**The records:**
○ ○ ○

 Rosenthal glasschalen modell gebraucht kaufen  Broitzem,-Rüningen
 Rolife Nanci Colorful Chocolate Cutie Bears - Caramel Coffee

○ ○ ○

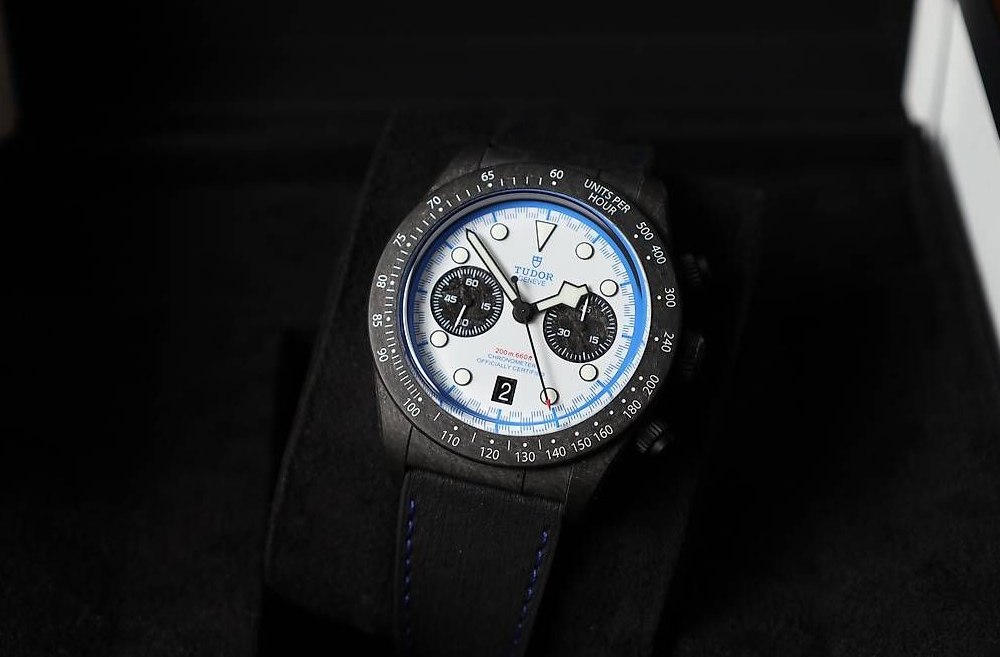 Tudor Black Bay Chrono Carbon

○ ○ ○

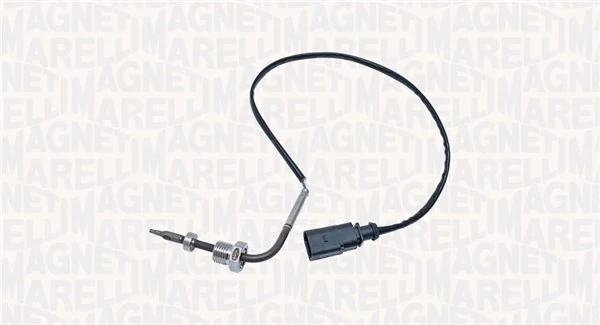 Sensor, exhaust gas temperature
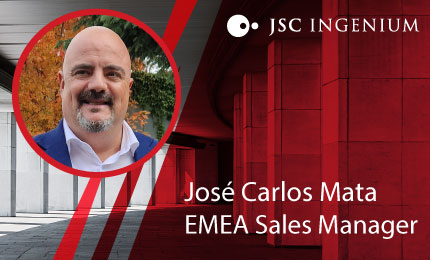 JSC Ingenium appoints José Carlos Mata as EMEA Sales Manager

○ ○ ○

Among the lines above, repeat exactly those from the line with "Rosenthal glasschalen modell" to the line with "Rolife Nanci Colorful", counting both ends.

 Rosenthal glasschalen modell gebraucht kaufen  Broitzem,-Rüningen
 Rolife Nanci Colorful Chocolate Cutie Bears - Caramel Coffee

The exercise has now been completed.